▸ **TASK INSTRUCTIONS**
In the records below, find the line holding "Designer-Hundehalsband-Leinen-Set mit umgekehrtem" and the line holding "The Heartbeat Brand". Set down both, with every line between them, exactly.

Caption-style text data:
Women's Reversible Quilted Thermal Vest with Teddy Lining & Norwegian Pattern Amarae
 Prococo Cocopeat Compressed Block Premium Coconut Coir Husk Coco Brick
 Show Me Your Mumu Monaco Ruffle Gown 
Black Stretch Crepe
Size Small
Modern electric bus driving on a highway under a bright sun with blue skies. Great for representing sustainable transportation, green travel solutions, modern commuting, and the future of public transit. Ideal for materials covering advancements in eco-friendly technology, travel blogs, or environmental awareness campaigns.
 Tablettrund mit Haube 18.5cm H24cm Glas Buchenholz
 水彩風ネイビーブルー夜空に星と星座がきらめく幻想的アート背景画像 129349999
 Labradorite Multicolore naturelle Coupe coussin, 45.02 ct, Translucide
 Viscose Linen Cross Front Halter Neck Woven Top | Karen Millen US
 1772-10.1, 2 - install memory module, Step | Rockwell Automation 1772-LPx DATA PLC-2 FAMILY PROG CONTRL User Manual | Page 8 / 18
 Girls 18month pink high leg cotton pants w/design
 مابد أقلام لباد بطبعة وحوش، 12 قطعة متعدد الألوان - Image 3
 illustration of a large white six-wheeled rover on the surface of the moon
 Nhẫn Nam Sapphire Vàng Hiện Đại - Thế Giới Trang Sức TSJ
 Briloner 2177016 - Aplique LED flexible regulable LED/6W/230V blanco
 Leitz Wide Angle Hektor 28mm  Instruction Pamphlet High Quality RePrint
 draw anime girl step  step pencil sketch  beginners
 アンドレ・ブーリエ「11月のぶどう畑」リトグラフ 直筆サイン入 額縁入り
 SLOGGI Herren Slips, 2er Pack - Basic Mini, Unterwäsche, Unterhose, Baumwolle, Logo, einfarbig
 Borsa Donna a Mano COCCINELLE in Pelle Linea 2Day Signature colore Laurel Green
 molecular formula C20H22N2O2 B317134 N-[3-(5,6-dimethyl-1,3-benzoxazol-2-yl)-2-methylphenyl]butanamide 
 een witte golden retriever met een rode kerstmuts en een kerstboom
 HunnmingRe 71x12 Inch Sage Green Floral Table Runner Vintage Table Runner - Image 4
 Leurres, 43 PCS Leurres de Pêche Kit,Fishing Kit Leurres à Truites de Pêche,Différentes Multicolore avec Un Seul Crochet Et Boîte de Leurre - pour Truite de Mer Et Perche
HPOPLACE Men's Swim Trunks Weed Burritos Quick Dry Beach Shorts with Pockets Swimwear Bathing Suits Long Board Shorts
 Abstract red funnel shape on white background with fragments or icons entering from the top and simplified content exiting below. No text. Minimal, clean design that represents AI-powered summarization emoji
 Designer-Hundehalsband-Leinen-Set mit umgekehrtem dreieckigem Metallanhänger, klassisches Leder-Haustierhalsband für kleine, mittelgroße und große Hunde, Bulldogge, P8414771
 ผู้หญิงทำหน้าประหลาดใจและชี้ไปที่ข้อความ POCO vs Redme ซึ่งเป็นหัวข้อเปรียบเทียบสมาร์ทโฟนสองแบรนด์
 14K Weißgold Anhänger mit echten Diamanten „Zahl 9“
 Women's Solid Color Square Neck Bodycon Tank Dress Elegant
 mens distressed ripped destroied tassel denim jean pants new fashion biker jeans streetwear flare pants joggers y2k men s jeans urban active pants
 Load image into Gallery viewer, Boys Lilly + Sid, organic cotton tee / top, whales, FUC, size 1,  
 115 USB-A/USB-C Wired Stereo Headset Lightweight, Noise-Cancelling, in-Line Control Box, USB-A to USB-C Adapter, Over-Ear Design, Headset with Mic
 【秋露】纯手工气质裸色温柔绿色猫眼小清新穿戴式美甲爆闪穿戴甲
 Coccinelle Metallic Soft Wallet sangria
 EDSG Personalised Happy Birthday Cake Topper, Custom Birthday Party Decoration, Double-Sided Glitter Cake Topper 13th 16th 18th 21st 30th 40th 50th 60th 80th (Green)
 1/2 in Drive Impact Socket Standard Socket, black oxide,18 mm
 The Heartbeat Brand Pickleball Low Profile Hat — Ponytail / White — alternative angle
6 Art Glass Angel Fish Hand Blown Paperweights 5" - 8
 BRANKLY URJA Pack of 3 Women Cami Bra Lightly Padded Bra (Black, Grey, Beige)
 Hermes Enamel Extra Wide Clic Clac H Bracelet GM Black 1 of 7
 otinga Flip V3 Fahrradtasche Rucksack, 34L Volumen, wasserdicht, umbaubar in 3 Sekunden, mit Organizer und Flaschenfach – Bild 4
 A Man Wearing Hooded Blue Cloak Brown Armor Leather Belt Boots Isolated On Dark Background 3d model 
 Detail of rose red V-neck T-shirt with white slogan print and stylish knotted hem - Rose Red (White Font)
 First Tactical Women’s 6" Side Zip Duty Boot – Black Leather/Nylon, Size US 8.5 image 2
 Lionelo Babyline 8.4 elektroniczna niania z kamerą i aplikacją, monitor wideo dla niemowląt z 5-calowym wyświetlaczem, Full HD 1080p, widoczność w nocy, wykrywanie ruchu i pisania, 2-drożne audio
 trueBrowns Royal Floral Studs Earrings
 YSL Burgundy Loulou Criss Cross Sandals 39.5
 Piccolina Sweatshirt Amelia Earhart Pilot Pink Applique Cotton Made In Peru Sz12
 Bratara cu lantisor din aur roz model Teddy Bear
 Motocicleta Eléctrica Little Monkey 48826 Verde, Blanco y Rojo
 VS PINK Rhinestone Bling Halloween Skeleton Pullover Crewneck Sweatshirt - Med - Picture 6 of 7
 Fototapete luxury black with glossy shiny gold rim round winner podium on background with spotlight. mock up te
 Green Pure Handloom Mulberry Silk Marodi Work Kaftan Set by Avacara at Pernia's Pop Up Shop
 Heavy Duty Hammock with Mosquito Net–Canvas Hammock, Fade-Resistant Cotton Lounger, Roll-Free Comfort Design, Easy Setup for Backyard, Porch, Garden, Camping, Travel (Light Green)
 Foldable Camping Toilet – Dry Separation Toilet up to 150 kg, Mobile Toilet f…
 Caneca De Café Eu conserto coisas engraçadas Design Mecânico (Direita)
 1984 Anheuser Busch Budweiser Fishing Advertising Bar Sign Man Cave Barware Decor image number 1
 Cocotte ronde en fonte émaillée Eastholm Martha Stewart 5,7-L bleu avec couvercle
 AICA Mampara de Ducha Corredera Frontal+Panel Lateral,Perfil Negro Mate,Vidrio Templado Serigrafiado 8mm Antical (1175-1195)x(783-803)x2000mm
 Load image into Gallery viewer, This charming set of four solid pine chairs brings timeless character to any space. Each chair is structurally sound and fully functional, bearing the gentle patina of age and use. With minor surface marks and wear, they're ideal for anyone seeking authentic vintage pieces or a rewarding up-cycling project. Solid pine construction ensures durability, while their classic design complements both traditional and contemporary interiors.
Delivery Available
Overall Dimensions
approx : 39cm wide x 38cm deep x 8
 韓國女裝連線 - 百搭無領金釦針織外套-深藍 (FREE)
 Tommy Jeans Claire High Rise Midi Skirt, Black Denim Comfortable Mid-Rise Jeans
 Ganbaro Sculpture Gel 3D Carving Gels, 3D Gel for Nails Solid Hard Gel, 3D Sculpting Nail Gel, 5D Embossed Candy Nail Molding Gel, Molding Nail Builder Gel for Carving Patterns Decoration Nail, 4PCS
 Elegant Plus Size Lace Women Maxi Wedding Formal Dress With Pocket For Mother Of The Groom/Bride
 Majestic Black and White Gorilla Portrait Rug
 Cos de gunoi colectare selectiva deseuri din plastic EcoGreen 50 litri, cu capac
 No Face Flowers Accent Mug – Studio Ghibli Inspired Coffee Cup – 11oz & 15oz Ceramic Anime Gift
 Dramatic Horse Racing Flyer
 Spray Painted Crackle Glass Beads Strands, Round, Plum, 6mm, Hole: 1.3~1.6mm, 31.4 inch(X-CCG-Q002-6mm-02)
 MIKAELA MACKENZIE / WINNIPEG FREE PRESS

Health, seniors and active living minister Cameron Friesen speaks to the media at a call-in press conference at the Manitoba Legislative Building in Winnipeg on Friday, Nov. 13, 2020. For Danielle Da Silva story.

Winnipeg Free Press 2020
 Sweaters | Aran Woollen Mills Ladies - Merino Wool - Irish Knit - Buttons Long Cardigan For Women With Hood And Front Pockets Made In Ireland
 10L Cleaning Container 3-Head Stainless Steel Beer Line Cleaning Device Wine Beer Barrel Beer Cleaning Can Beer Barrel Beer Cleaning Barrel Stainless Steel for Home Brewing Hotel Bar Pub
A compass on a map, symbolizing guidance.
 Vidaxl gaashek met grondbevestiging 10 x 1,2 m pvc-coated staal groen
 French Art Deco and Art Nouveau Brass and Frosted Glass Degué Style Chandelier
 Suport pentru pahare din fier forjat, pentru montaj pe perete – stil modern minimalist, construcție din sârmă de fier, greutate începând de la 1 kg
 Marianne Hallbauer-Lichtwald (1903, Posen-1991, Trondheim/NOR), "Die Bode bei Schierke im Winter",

▸ **RESPONSE AREA**
 Designer-Hundehalsband-Leinen-Set mit umgekehrtem dreieckigem Metallanhänger, klassisches Leder-Haustierhalsband für kleine, mittelgroße und große Hunde, Bulldogge, P8414771
 ผู้หญิงทำหน้าประหลาดใจและชี้ไปที่ข้อความ POCO vs Redme ซึ่งเป็นหัวข้อเปรียบเทียบสมาร์ทโฟนสองแบรนด์
 14K Weißgold Anhänger mit echten Diamanten „Zahl 9“
 Women's Solid Color Square Neck Bodycon Tank Dress Elegant
 mens distressed ripped destroied tassel denim jean pants new fashion biker jeans streetwear flare pants joggers y2k men s jeans urban active pants
 Load image into Gallery viewer, Boys Lilly + Sid, organic cotton tee / top, whales, FUC, size 1,  
 115 USB-A/USB-C Wired Stereo Headset Lightweight, Noise-Cancelling, in-Line Control Box, USB-A to USB-C Adapter, Over-Ear Design, Headset with Mic
 【秋露】纯手工气质裸色温柔绿色猫眼小清新穿戴式美甲爆闪穿戴甲
 Coccinelle Metallic Soft Wallet sangria
 EDSG Personalised Happy Birthday Cake Topper, Custom Birthday Party Decoration, Double-Sided Glitter Cake Topper 13th 16th 18th 21st 30th 40th 50th 60th 80th (Green)
 1/2 in Drive Impact Socket Standard Socket, black oxide,18 mm
 The Heartbeat Brand Pickleball Low Profile Hat — Ponytail / White — alternative angle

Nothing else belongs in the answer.